Beranda Opini Mengenang Liku Perjuangan Lahan Kubangsari (II)  

Mengenang Liku Perjuangan Lahan Kubangsari (II)  

Moch. Nasir SH. (doc.pribadi)

Oleh : Moch. Nasir SH,
Pegiat Literasi

Negosiasi antara PT Krakatau Steel (KS) dengan Pemkot Cilegon terkait lahan Kubangsari tidak semudah yang dibayangkan orang, banyak liku dan perdebatan panjang mengenai apa saja yang harus disepakati lantaran masing-masing punya argumen. Bahkan Komisi II DPR RI ikut urun rembuk dengan meninjau lokasi sengketa tanah Kubangsari pada 28 Desember 2010 silam.
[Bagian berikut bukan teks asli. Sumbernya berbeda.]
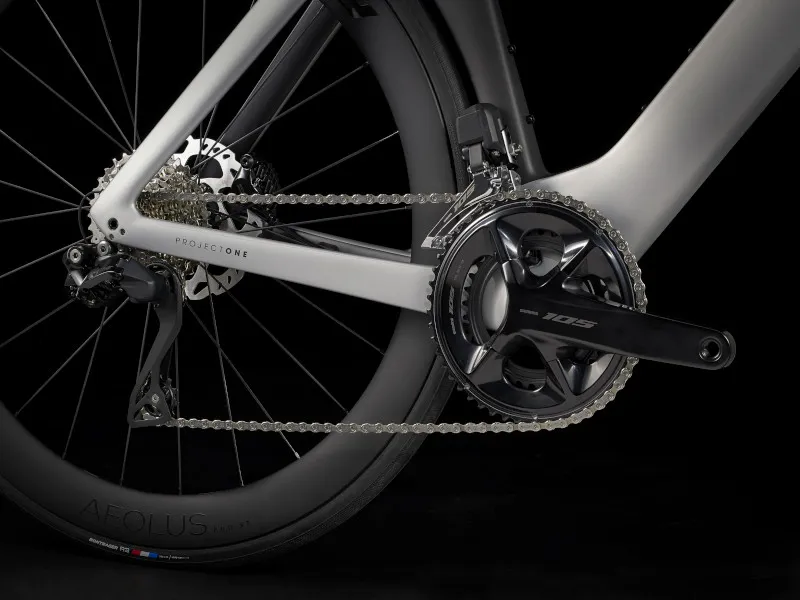 Trek Madone SLR 6 Gen 7 Carbon Road Race Bike 2023 in Quicksilver-9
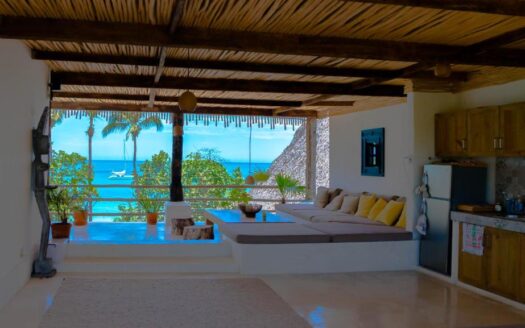 Hôtel caribéen authentique face à l’océan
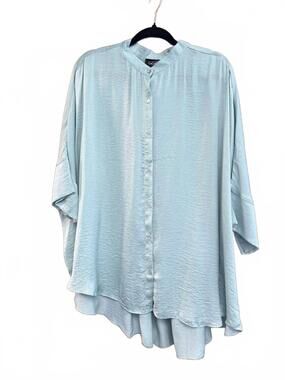 NEW GIGIO women's satin button top in mint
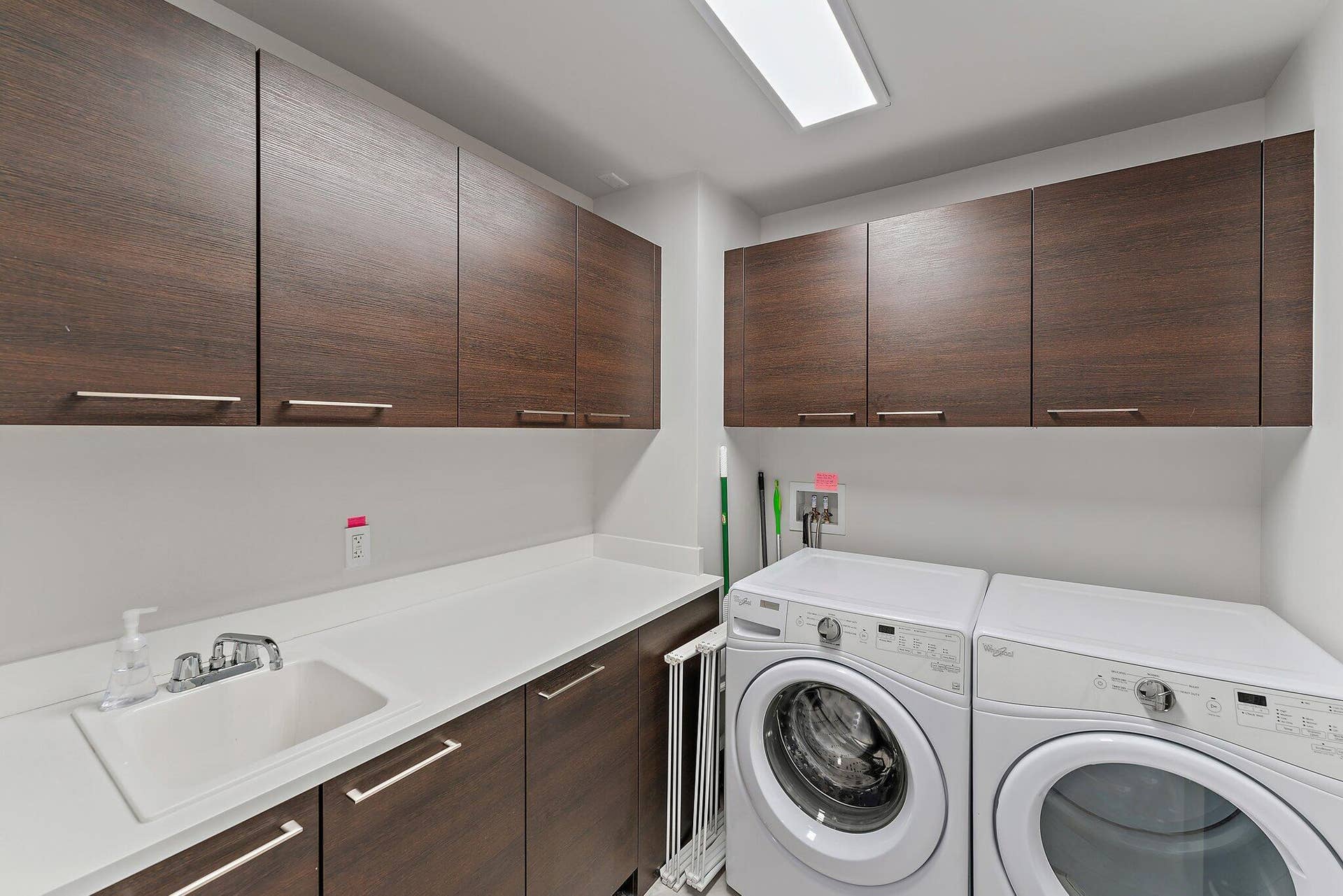 1 Water Club Way, #2003, North Palm Beach, FL 33408 Laundry Room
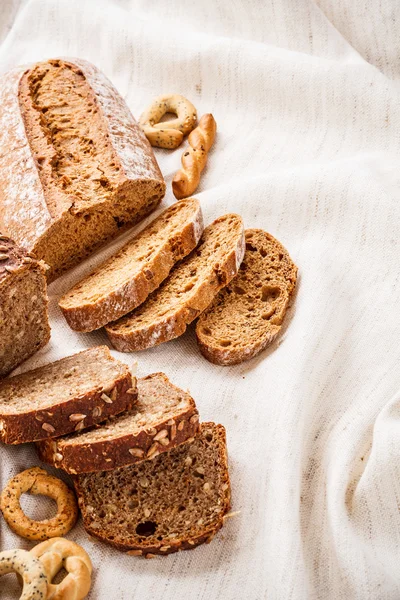 Pan de centeno en rodajas — Foto de Stock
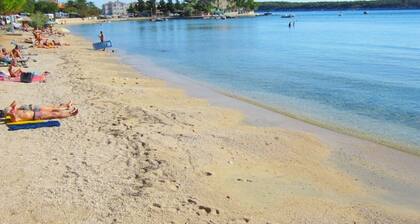 Ferienwohnungen Marija, (16321), Banjol, hr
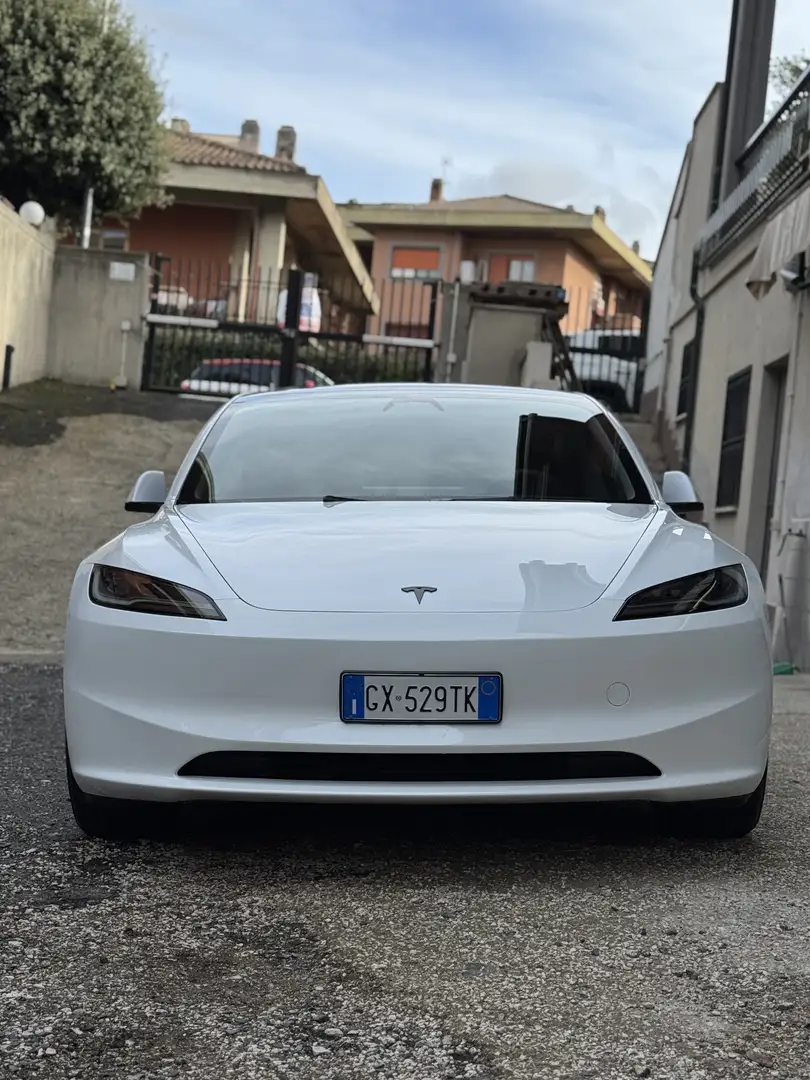 Tesla Model 3 Highland Long Range 750km Autonomia - 2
Namun patut kiranya berterimakasih kepada mantan Kepala Badan Koordinasi Penanaman Modal (BKPM) RI, Gita Wiryawan dan Menteri Perindustrian RI, MS Hidayat yang dengan gigih menjembatani dan memfasilitasi musyawarah antara Pemkot Cilegon dengan PT KS hingga akhirnya tercapai MoU antara kedua belah pihak.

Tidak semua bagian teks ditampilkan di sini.